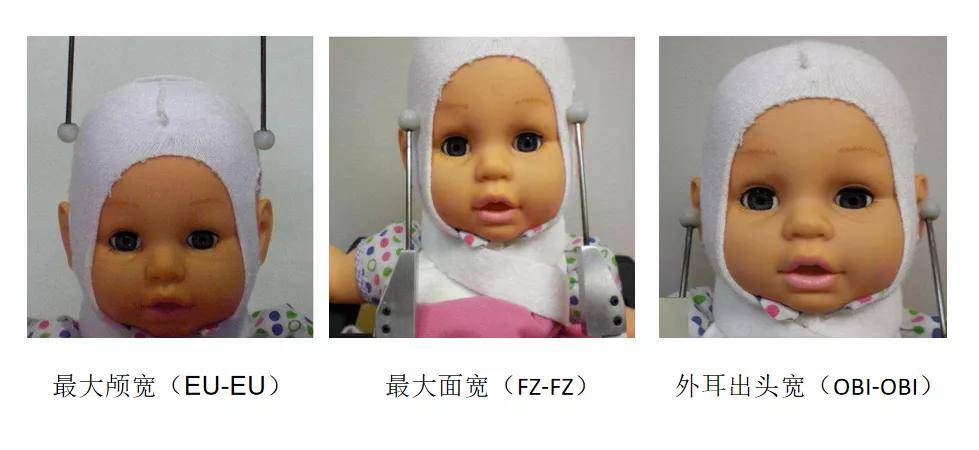 婴儿先天性头颅畸形宇航博士矫正帮助你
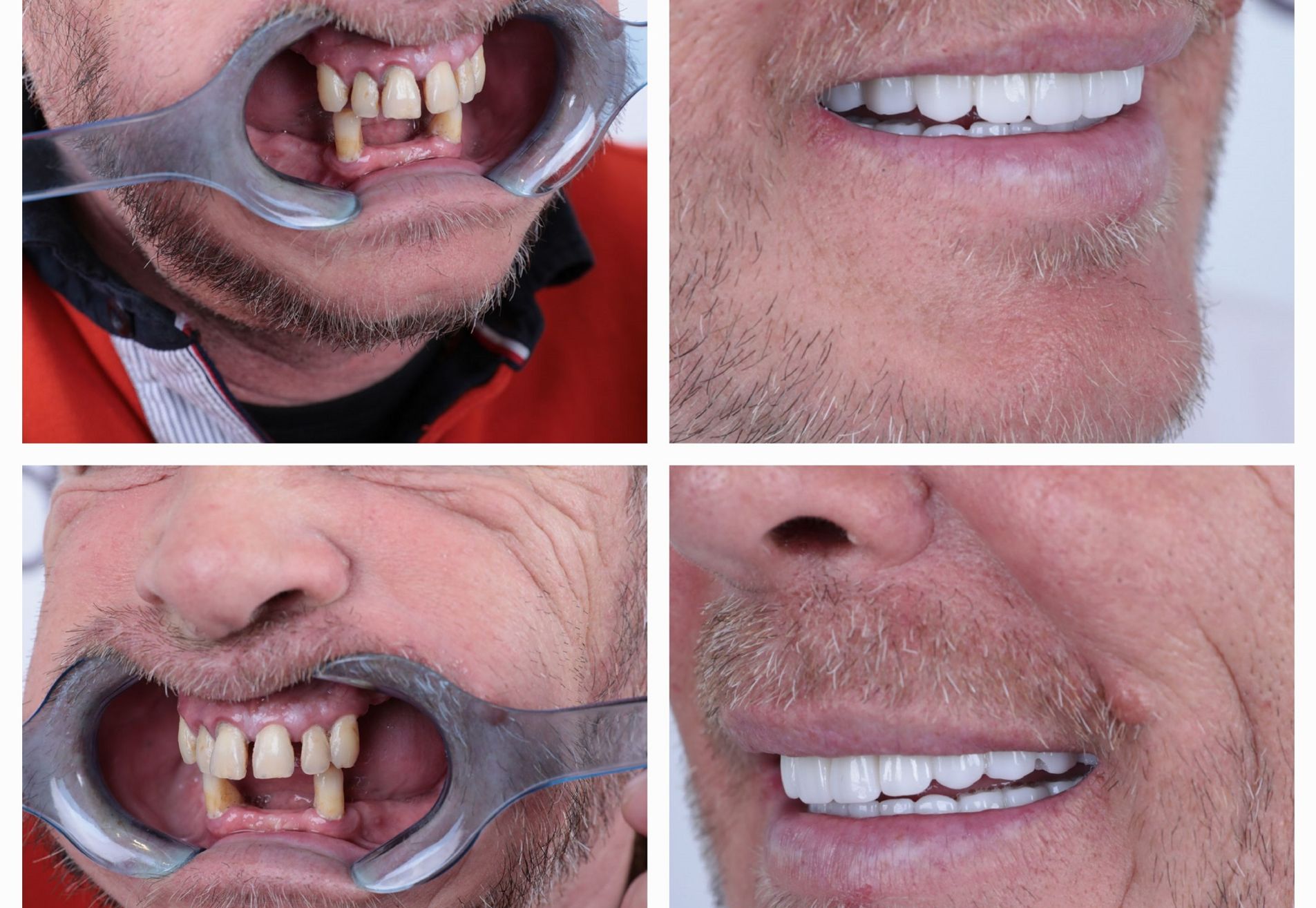 Lizant, mijn gebit voor Esteworld was een ramp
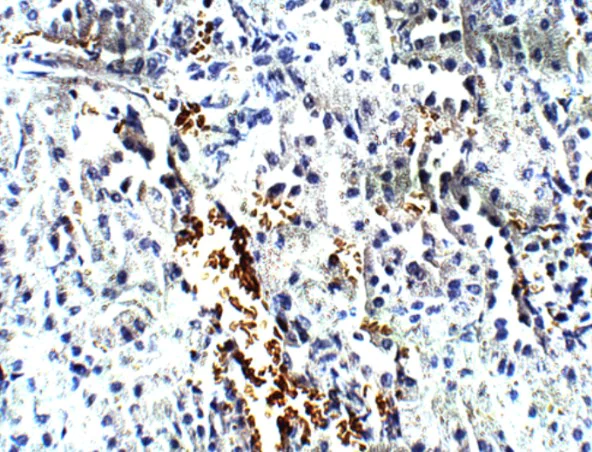 Immunohistochemistry (Formalin/PFA-fixed paraffin-embedded sections) - Anti-FOXP3 antibody (AB75763)
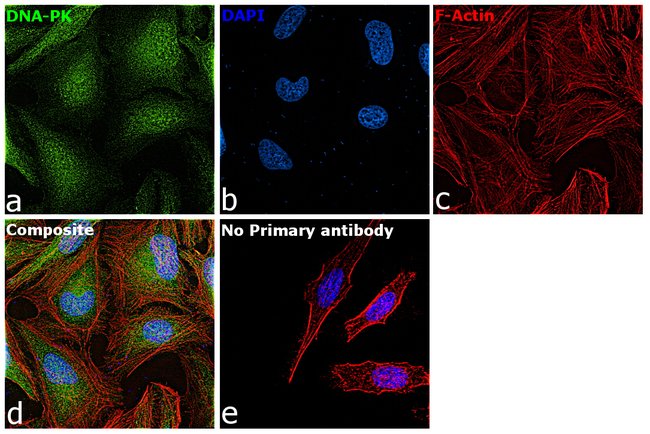 Anti-DNA-PKcs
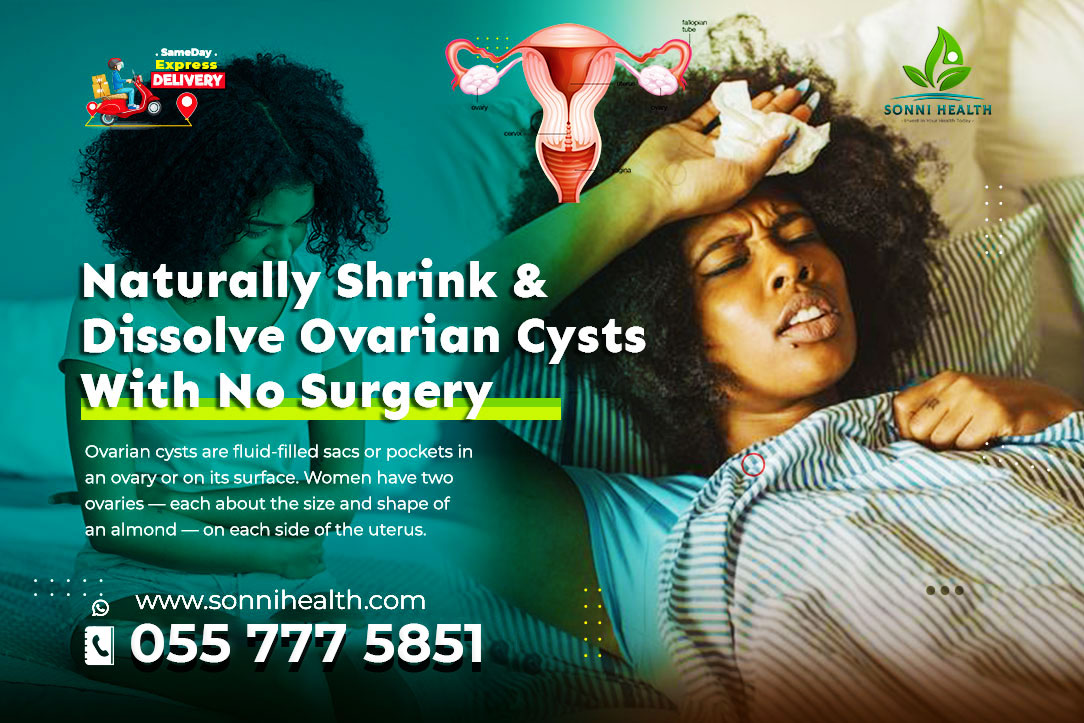 NATURALLY SHRINK & DISSOLVE OVARIAN CYSTS WITH NO SURGERY
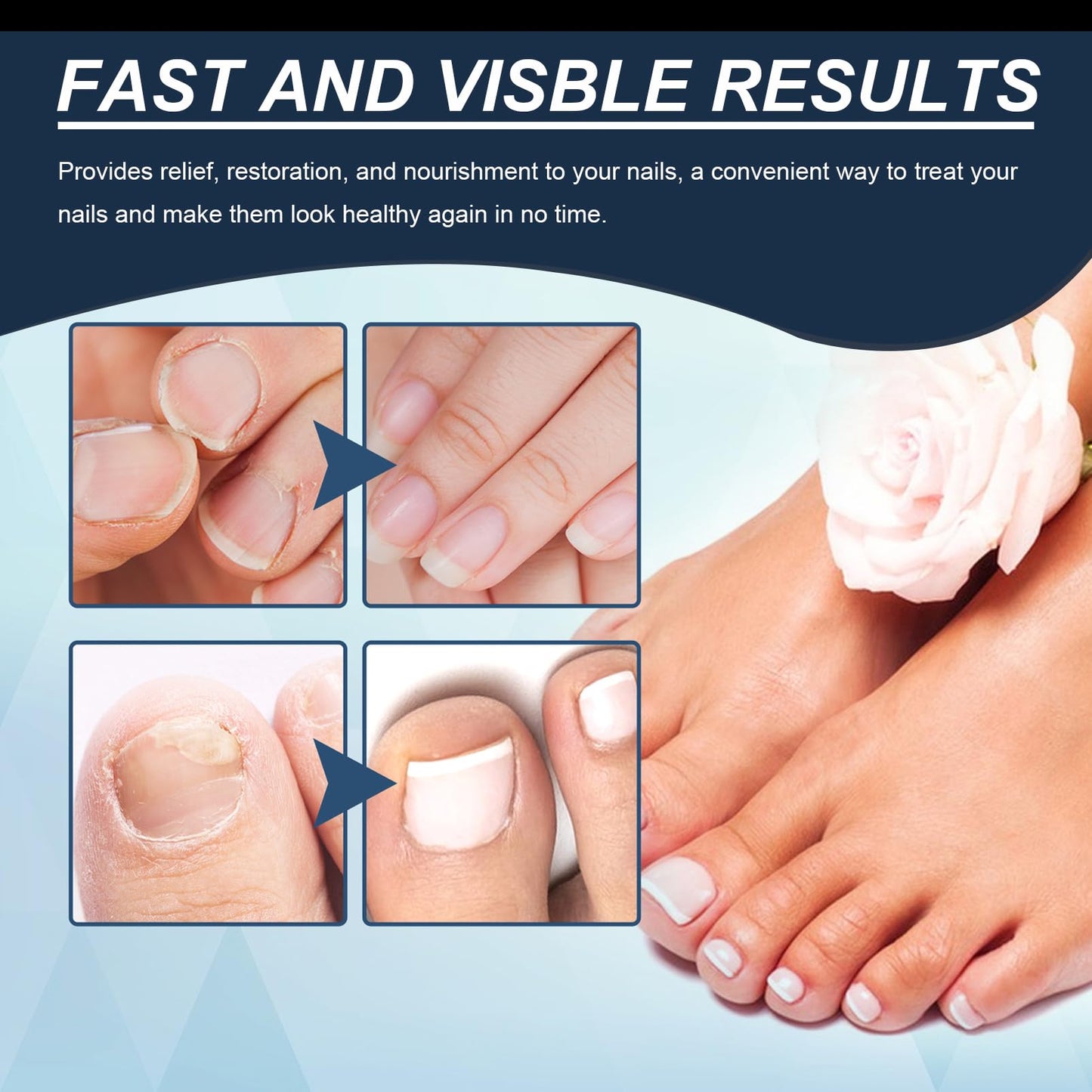 Nail Strengthener, 2PCS Revitalizing Nail Growth Serum, Nail Hardener Extra Strong and Growth - Nail Repair Serum for Damaged Nails for Faster Growth - Achieve Stronger, Healthier Nails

════════════════

Copy out all of the material exactly as written, without its pictures.

 婴儿先天性头颅畸形宇航博士矫正帮助你
 Lizant, mijn gebit voor Esteworld was een ramp
 Immunohistochemistry (Formalin/PFA-fixed paraffin-embedded sections) - Anti-FOXP3 antibody (AB75763)
 Anti-DNA-PKcs
 NATURALLY SHRINK & DISSOLVE OVARIAN CYSTS WITH NO SURGERY
 Nail Strengthener, 2PCS Revitalizing Nail Growth Serum, Nail Hardener Extra Strong and Growth - Nail Repair Serum for Damaged Nails for Faster Growth - Achieve Stronger, Healthier Nails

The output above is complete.